Katherlieschen boş durur mu? Onun peşine takılarak tarlaya kadar kovaladı, ancak köpek ondan daha hızlıydı. Eti ağzından bırakmadı, sonra da onu toprağa gömdü. "Olan oldu" diye söylenen Katherlieschen koşmaktan yorulmuştu; biraz serinlemek için dinlendi. Bu sırada fıçıdan akan bira, kabı doldurmuş ve sonra da fıçı boşalana kadar kilere akmıştı.
Katherlieschen daha merdiven başındayken gördü bunu. "Eyvah!" dedi, "Ne yapsam da Frieder fark etmese!"
Bir süre düşündü, derken aklına çatı katında son kermesten kalma bir çuval un olduğu geldi; onu alıp biranın üzerine serpebilirdi. "Sakla samanı, gelir zamanı derler ya" diye kendi kendine konuştu. Sonra çuvalı aşağıya indirerek unu her tarafa serpti. İşini bitirdiğinde de marifet yapmış gibi çok sevindi. "Kiler tertemiz oldu!" diye düşündü.
Öğle vakti Frieder eve döndü ve "Ee hanım, neler yaptın bakalım?" diye sordu.
"Ah Frieder'ciğim" diye cevap verdi, "Sana et kızartacaktım ya, yanı sıra gidip bira alayım derken köpek eti kaptı, onun peşine düşeyim derken bira taştı. Birayı unla kurutayım derken testiyi devirdim, ama merak etme kiler yine kupkuru."
"Katherlieschen, Katherlieschen, bunu yapmamalıydın! Eti kaptırdın, fıçıdaki birayı akıttın, en güzel unumuzu da üzerine döktün!" dedi Frieder.
"Ama Frieder'ciğim, böyle olacağını bilmiyordum, keşke bana söyleseydin!" dedi.
Adam şöyle düşündü: "Karın böyle işte, her şeyi ona göre hesap et!"
Bir gün çok para kazandı ve onu altına çevirdi. "Bak bunları gördün mü? Sarı, çil çil. Hepsini şu kaba koyup ahırdaki yemliğin altını kazıp oraya saklayacağım.
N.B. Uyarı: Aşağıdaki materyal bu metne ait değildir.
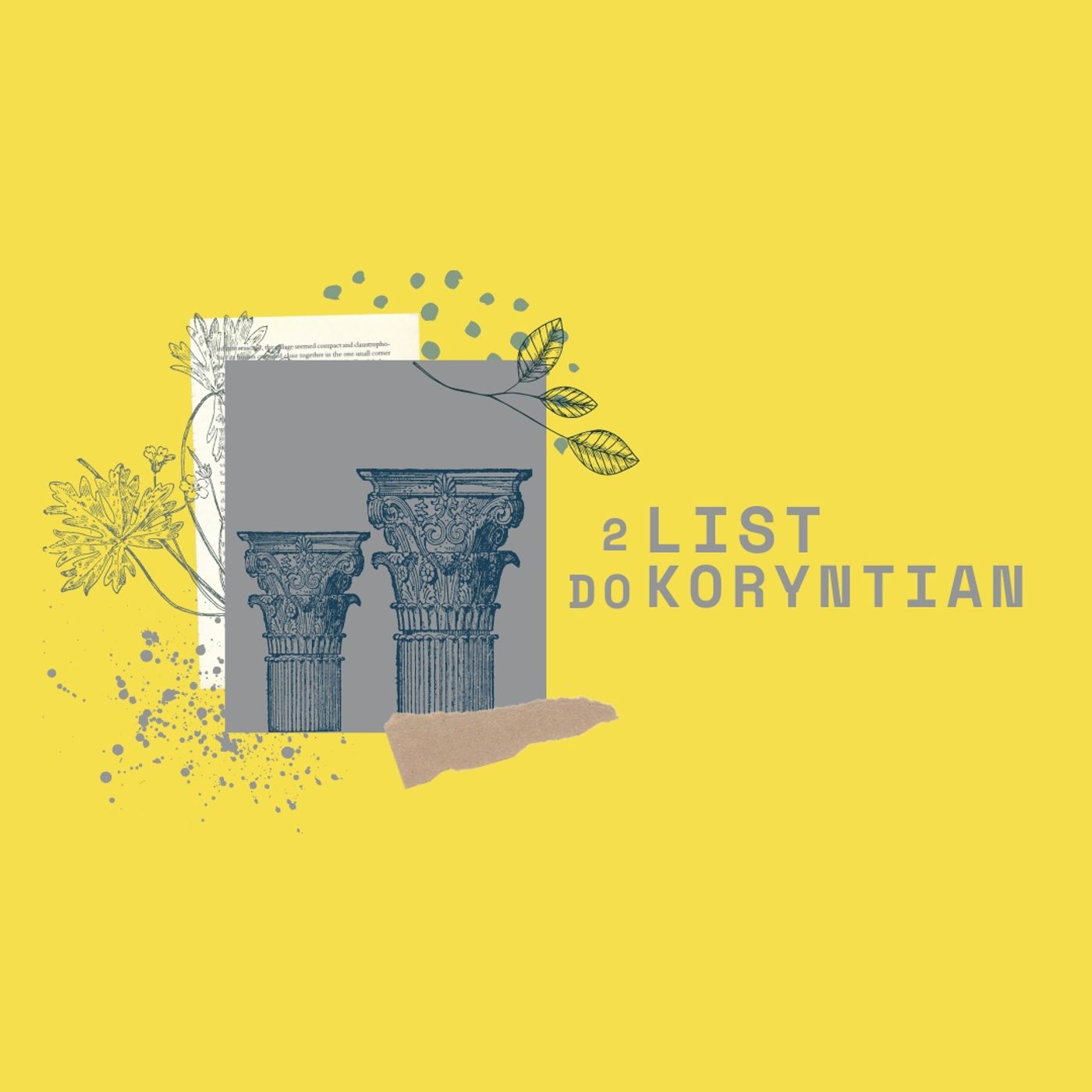2 List do Koryntian || Rozdział 11 episode artwork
Ama sen sakın oraya gitme, yoksa karışmam haa!" dedi karısına.
"Hayır Frieder'ciğim, kesinlikle gitmem!"
Frieder evden ayrıldıktan sonra köye hırdavatçılar geldi, topraktan yapılma çanak çömlek satıyorlardı. Genç kadınla pazarlığa oturdular.
"Bakın, benim param yok, hiçbir şey satın alamam. Ama sarı, çil çil isterseniz size satayım" dedi kadın.
"Sarı çil çil mi? Neden olmasın? Şunu bir görsek?"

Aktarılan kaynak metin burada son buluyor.